Mike passed away early Sunday morning, May 6, 2018. I was startled awake that night. I don’t remember a dream, only a sudden intense fear of death. Woke me up. It was dark in the tent. I managed to get back to sleep. I got the call that morning.

Even when you expect news like that it is hard to face the emotions. Happy it was over for him because he endured a lot of pain. Very sad for his wife and kids and grand-kids. A loss for myself of someone I could always turn to. Sad for Denny, his best fishing buddy. Sad for all the other people he touched in his selfless life.

Natch proposed a toast to Mike on the last night at camp. I thank Natch for that. Up to that point we were knocking down beers, making stupid jokes and conversation, our normal routine. Not sure Mike would approve of so much beer but he would have fit right in, laughing and joking with the rest of us.

Opening Day 2018

Feral and I stopped, mid-afternoon, at a remote spot on the upper Baldwin River figuring we might run into The DFA Hunt Club, a group of bow hunters we found camping on this same quality camp spot a couple years back. Their main menu was beer drinking and getting out of the house after a long winter. So Feral and I were surprised by this group of actual trout fishermen. They didn’t show us a cooler of trout but they talked a good game including referencing famous authors on the subject and describing in some detail their own trout tactics. Like placing Panther Martins in tight spots with a slingshot cast. When Feral mentioned using snippers to cut out casting lanes in heavy overgrowth further down river they were right there with him. Been there. Done that. It was refreshing to meet trout fishermen that wade streams and understand what it takes to get a trout with a spinner. Most guys we talk to with spinning equipment lob crawlers off bridges.

Our day started much earlier. I set my alarm for 5:00 and had my car packed figuring to pick up Feral up in Baldwin early, but not too early. There was a plate like moon at the end of my street when I took off. Looked like someone ground off a small sliver off the top left corner. The sky was clear, temp had to be in the thirties. I pulled into Feral’s drive about 7:00 and we made a quick plan to hit fast food for breakfast, check the Zinc River, then hit some spots on the Pine up near near Tustin.

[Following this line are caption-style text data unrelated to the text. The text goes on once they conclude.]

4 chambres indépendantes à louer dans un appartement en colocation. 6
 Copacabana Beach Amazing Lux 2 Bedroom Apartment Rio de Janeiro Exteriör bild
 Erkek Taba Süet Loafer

Slow start on the Zinc. I took the lead and realized I had a problem with my spinning reel. The pickups were not catching the line so the lure would land and it took a critical moments to start reeling back. Not good as I watched my lure drift into some junk on the far side of the stream. I told Feral to go around and take the lead. He worked the immediate cover and moved upstream while I crossed some treacherous stuff to get the lure. When I returned to the shallow side I put my rod in my left hand and buried my right hand inside my jacked, under my left arm, to warm up my fingers. I watched Feral make a couple casts then he stopped, transferred his rod to his left hand and buried his right hand inside his coat like I had just done. Then he turned back downstream, saw me standing like that, and started laughing.

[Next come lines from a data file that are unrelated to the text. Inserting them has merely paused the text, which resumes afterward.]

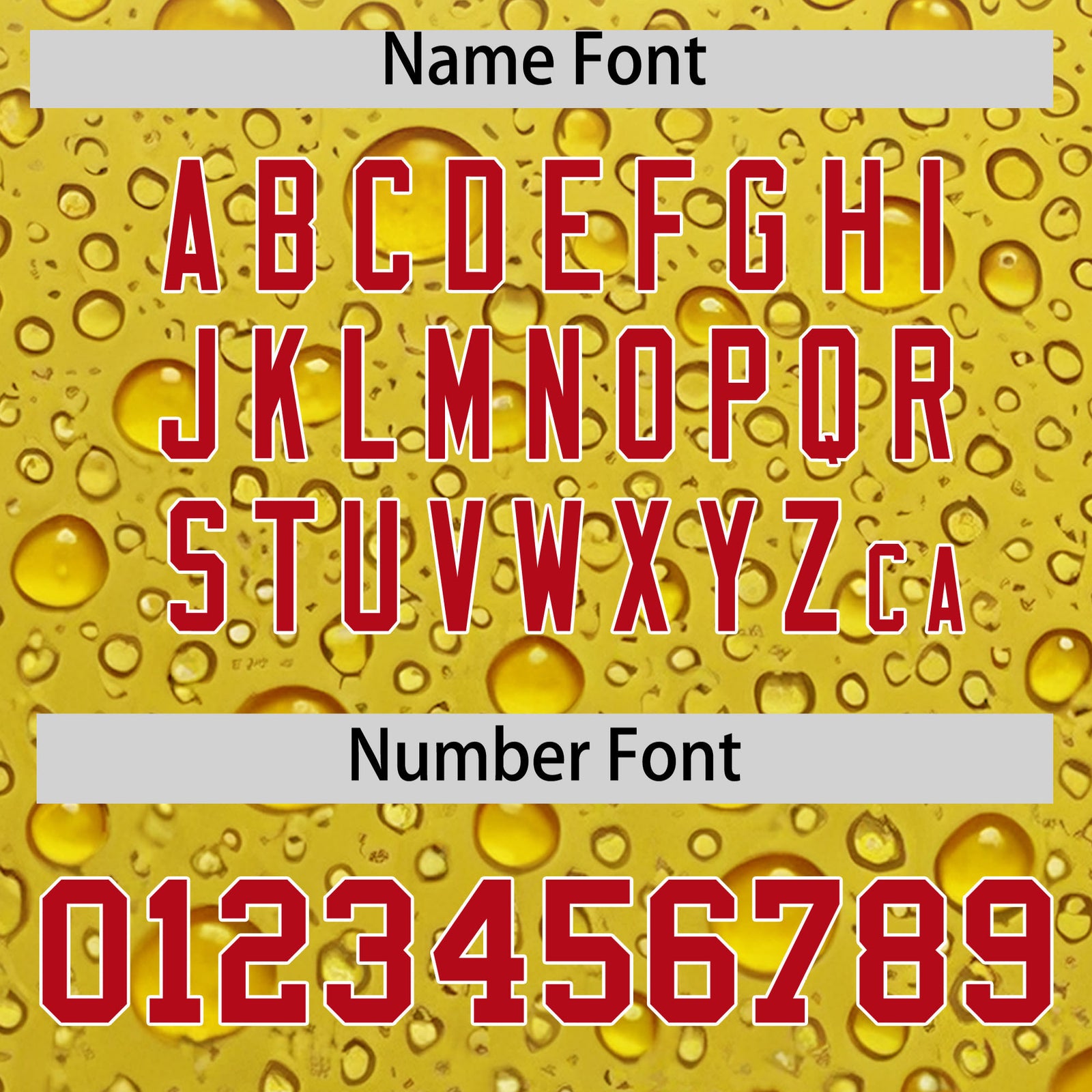 Custom Gold Personalized Team Shirts for Parties & Training | KXKSHOP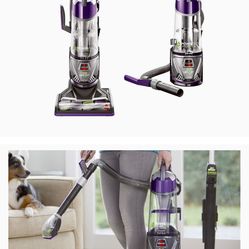 Bissell 2 in 1 Power Glide, Lift-Off Pet + (SmartSeal Allergen System)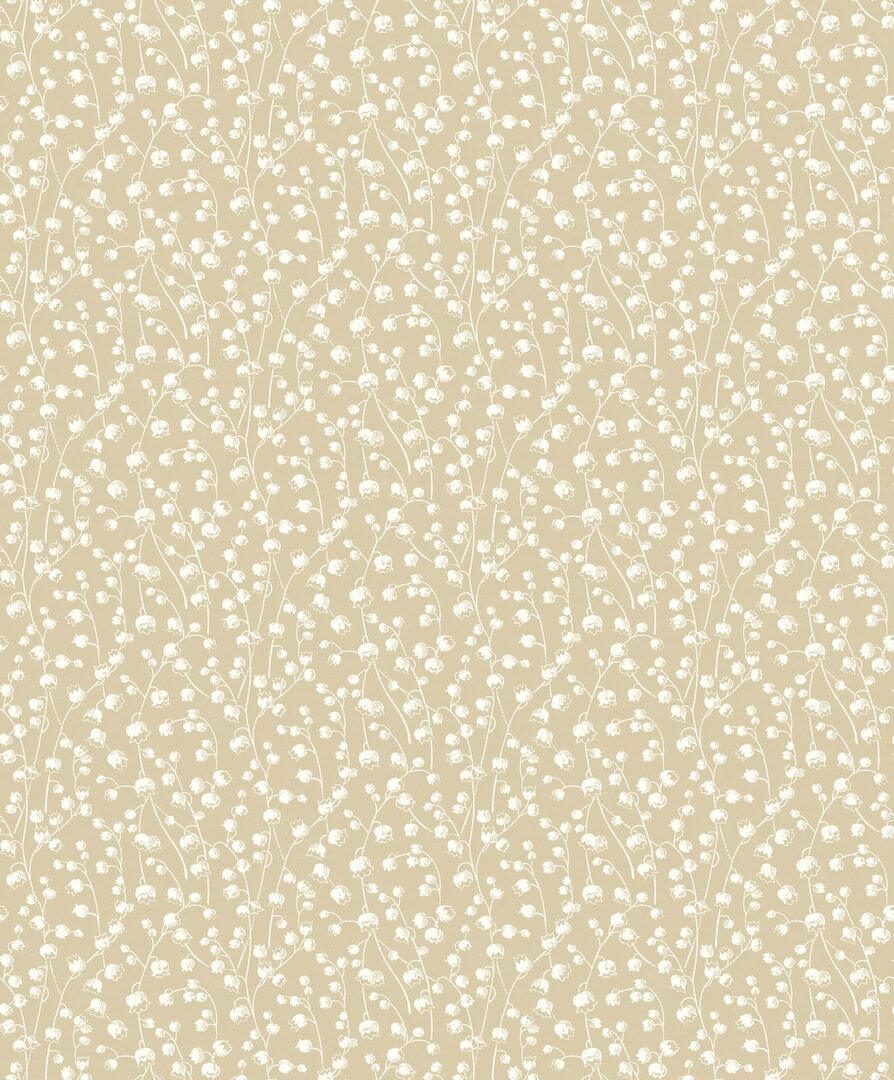 Tapeta konwalie Casadeco FLOM 89241331 Lily Of The Valley Flower Market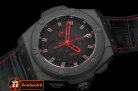 HUB0319 - King Power Red PVD/LE Black A-7750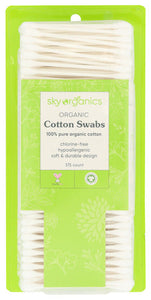 COTTON SWABS SKY ORGANICA   '856045007708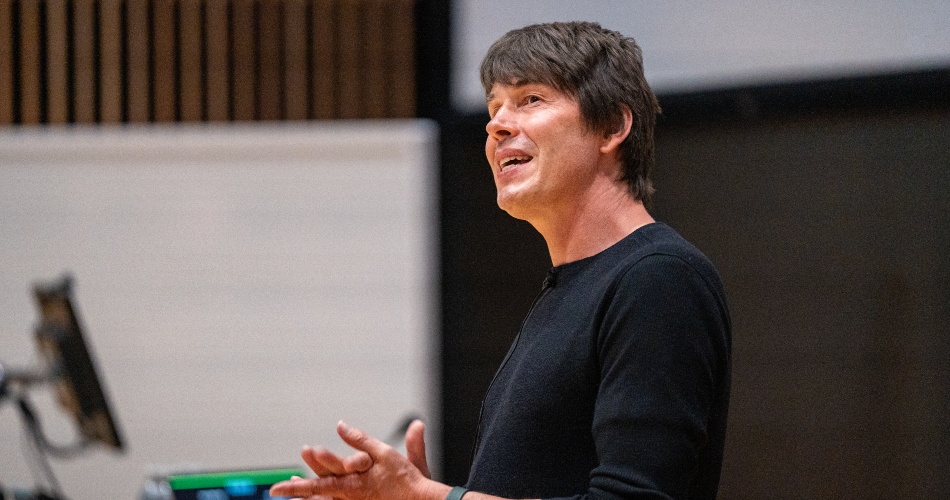 Professor Brian Cox.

There’s a famous painting of Napoleon Bonaparte standing with one hand buried in his coat. That was us, two Napoleons standing in the middle of a cold river. That could be why Napoleon had his hand buried in his jacket: a darn cold morning.

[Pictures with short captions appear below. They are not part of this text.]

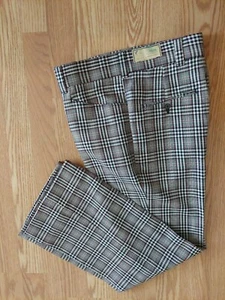 PANTALONES LEVI'S PANATELA DE COLECCIÓN PARA HOMBRE 29 X 28 PANTALONES A CUADROS AÑOS 70 NEGROS Y ROJOS - Imagen 1 de 8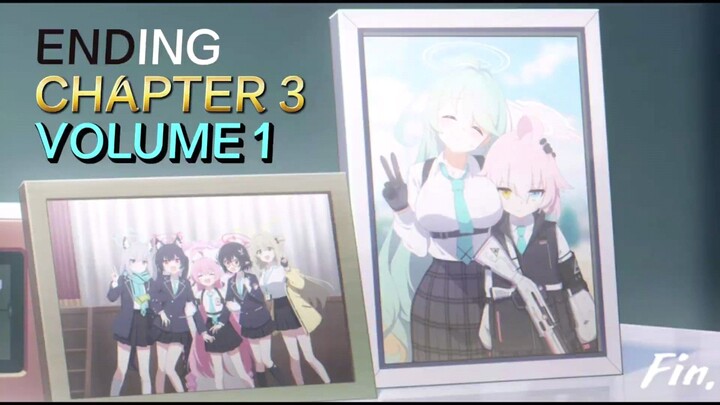 Ending Blue Archive Chapter 3 Volume 1 Subtitle Indonesia Episode 43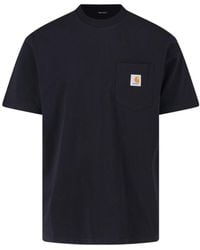 Carhartt - Logo T-Shirt - Lyst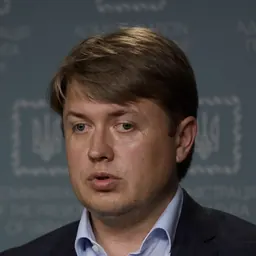 Portrait of Andriy Herus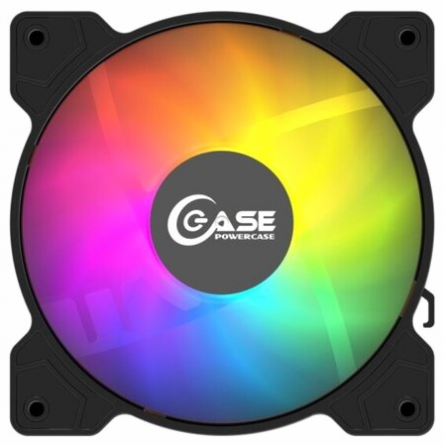 Вентилятор для корпуса Powercase M2 6p Argb 120x120x25мм (арт-2556) Донецк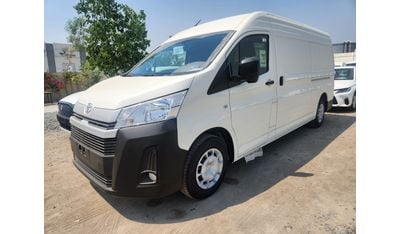 تويوتا هاياس 2025 Toyota Hiace (New-Shape) High-Roof Panel Cargo Delivery Van 3.5L V6 Petrol M/T RWD Export Only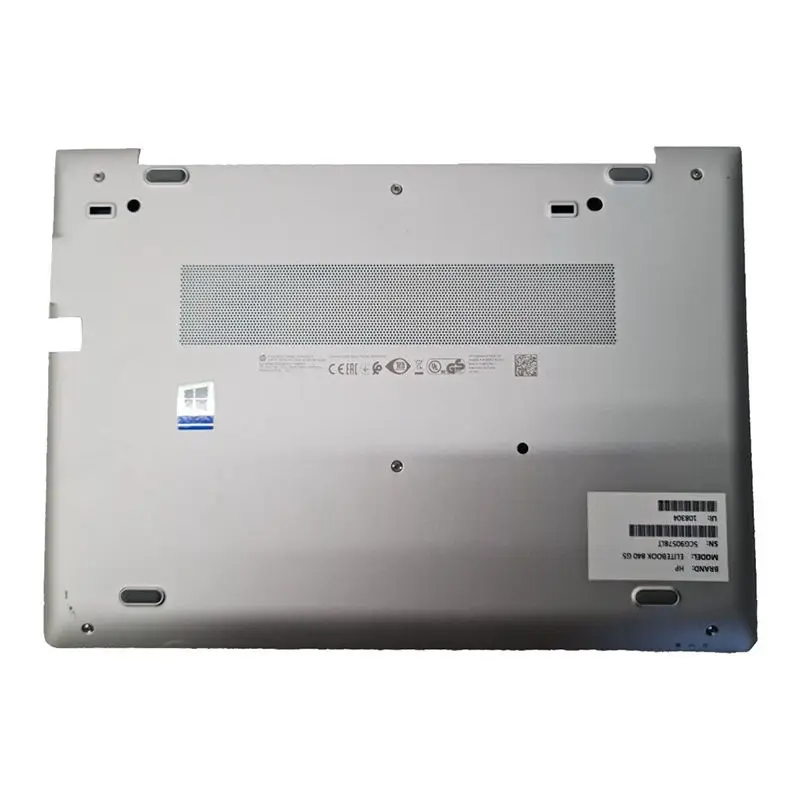 Bottom Chassis Metal Casing for HP Elitebook 745 840 G5 L14371-001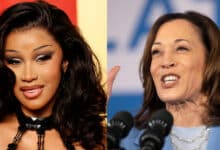 Cardi B backs Kamala Harris for President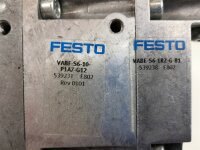 FESTO VSVA-B-P53C-ZD-A1-1T1L 539162+VSVA-B-M52-MZD-A1-1T1L 539159 VENTILINSEL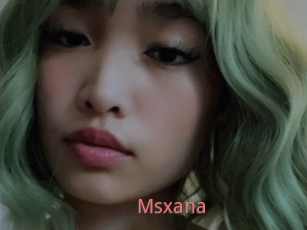 Msxana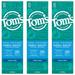 Tom s of Maine Simply NG01 White Toothpaste Clean Mint 4.7 oz. 3-Pack (Packaging May Vary)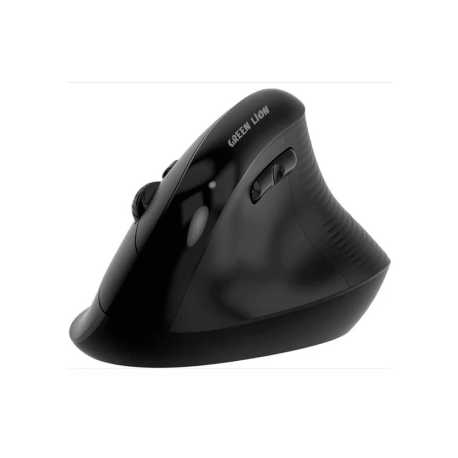 GREEN LION ERGO GRIP VERTICAL MOUSE (BLACK) SYÇANJYK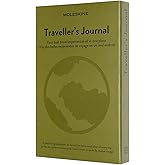 Moleskine Passion, Travel Journal, Large, Boxed/Hard Cover (5 x 8.25)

We didn’t last long there. Feral likes smaller streams so we cut out and headed north. We stopped at an upper stretch of the Pine River accessed from a gravel road running south off 20 Mile Road. There were two cars parked there and a couple guys in waders so we checked to see if they were finishing up or just heading out. They hadn’t fished yet so we talked a bit. One guy had a fly rod, at least eight foot in length. I can only think of one or two spots on that part of the river where he might be able to back cast but I didn’t mention it. We wished them luck and cut out, not wanting to encroach on their morning.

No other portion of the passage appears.